1. The Key Idea: Coupling Between Coils
In multi-coil MRI, the signals from different coils are correlated. ESPIRiT leverages these correlations to learn coil sensitivities.
- Each coil is a sensor providing a different view of the same underlying image.
- Instead of assuming a coil model, ESPIRiT observes the data to learn how coils are coupled.
2. Capturing Local Correlations: k-Space Patches
To extract these couplings:
- Take small patches in $k$-space across all coils.
- Flatten and stack them into a matrix $A$, where each row represents one patch.
- Solve for the null-space vector $h$, which acts as a convolution kernel in k-space:
$$
(A∗h)≈0
$$
- $h$ also represents a constraint that all valid k-space patches satisfy.
- Intuitively, $h$ is the “language” of coil relationships—any valid $k$-space data should approximately satisfy it.
3. Moving to Image Space: The Operator $G$
- Apply an inverse Fourier transform to $h$ → becomes operator $G$ in image space.
- Applying $G$ to the multi-coil image $$u$$ should leave it unchanged if the data obeys the learned constraints:
$$
G u \approx u
$$
- $G$ is Hermitian; its eigenvectors with eigenvalue $≈ 1$ define the signal subspace.
- These eigenvectors correspond to the coil sensitivity maps we need.
4. Reconstructing the Image
Once we have sensitivity maps $s_i$, the multi-coil image can be written as:
$$
u = m \cdot s
$$
where $m$ is the underlying image to reconstruct.

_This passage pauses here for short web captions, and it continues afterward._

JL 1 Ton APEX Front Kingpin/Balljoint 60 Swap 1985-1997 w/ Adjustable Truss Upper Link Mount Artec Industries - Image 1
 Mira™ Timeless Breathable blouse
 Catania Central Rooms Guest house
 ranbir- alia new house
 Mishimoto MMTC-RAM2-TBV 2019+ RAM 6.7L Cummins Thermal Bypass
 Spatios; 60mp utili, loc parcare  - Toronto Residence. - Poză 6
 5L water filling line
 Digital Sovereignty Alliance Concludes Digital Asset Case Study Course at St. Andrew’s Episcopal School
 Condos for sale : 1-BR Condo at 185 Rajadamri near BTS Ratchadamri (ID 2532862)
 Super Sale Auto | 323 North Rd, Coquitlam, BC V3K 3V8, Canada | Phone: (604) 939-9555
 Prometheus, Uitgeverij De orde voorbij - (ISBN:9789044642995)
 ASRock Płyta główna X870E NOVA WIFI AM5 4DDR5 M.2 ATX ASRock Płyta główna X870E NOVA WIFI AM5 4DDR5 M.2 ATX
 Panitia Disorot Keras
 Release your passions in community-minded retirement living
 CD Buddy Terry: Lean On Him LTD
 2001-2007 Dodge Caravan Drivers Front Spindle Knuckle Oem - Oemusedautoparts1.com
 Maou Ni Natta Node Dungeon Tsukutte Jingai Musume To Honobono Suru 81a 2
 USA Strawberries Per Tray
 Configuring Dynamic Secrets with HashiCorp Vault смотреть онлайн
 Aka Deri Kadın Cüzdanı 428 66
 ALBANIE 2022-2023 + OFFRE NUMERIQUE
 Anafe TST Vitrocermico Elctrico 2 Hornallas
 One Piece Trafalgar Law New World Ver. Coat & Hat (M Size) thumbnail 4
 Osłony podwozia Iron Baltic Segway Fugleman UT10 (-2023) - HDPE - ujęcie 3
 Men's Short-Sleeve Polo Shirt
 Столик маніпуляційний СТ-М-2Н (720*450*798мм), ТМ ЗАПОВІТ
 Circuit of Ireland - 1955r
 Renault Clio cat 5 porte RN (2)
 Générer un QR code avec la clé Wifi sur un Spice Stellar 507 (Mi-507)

We solve for $m$ with a regularized least squares problem:
$$
\min_m ∑_c ∥P\mathcal F(\hat s^cm)−y_c∥^2+λR(m)
$$
- $y$ = acquired k-space data
- $\mathcal F$ = Fourier transform
- $S$ = diagonal operator of coil sensitivities
- $R(m)$ = optional regularization
- $P$ = sampling mask
5. ESPIRiT Pipeline Diagram
$k$-space patches
│
▼
Null-space vector $h$
│
▼
Image-space operator $G$
│
▼
Eigenvectors (Sensitivity maps $s$)
│
▼
Final image $m$
ESPIRiT elegantly combines linear algebra, Fourier transforms, and eigen-decomposition to reconstruct high-quality images using multi-coil MRI data. Its strength lies in learning coil sensitivities directly from the data, making parallel imaging robust and flexible.